Dolina cienia jest łatwiejsza niż koszmar kruka😀
Jedno i drugie do zrobienia magiem w 2 rozdziale.
Aczkolwiek powiedziałbym, że dolina cienia jest trudniejsza, jak chcesz wszystko pozabijać.
Bo na drodze do jaskini z próbą ognia stoi mag, który był dla mnie wielką przeszkodą, ale można go pominąć zamieniając się w krwiopijcę.
W koszmarze kruka wszystkich bossów można zbugować (nawet tego z tarczą), walka z bezimiennym to ciągła ucieczka i okładanie go atakami dystansowymi.

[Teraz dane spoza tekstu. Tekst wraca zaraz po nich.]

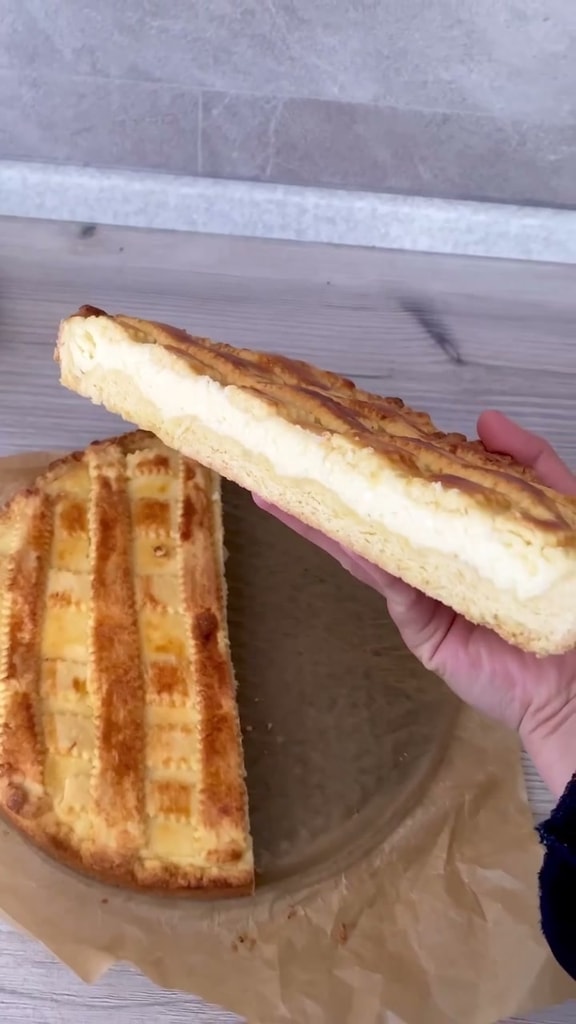 Творожный пирог из песочного теста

Mówię tu oczywiście o magu, ewt. łuczniku, który może wszystko powybijać wchodząc na jakieś półki skalne/bić z dystansu itp. wojownikiem w zwarciu to inna para kaloszy, trzeba mieć po prostu dobre staty, żeby to wszystko przejść (hp i siła).
Magiem gra jest taka łatwa, że zastanawiałem się, czy nie wejść do zaginionego brata w 2R (miałem spełniony wymóg many), ale stwierdziłem, że nie będę się męczył runką z 3 kręgu.
Tak przy okazji, magiem polecam grać na koszmarze, ewt. na gothicowym wszystko na hard, bo gra jest zbyt nudna w innych konfiguracjach.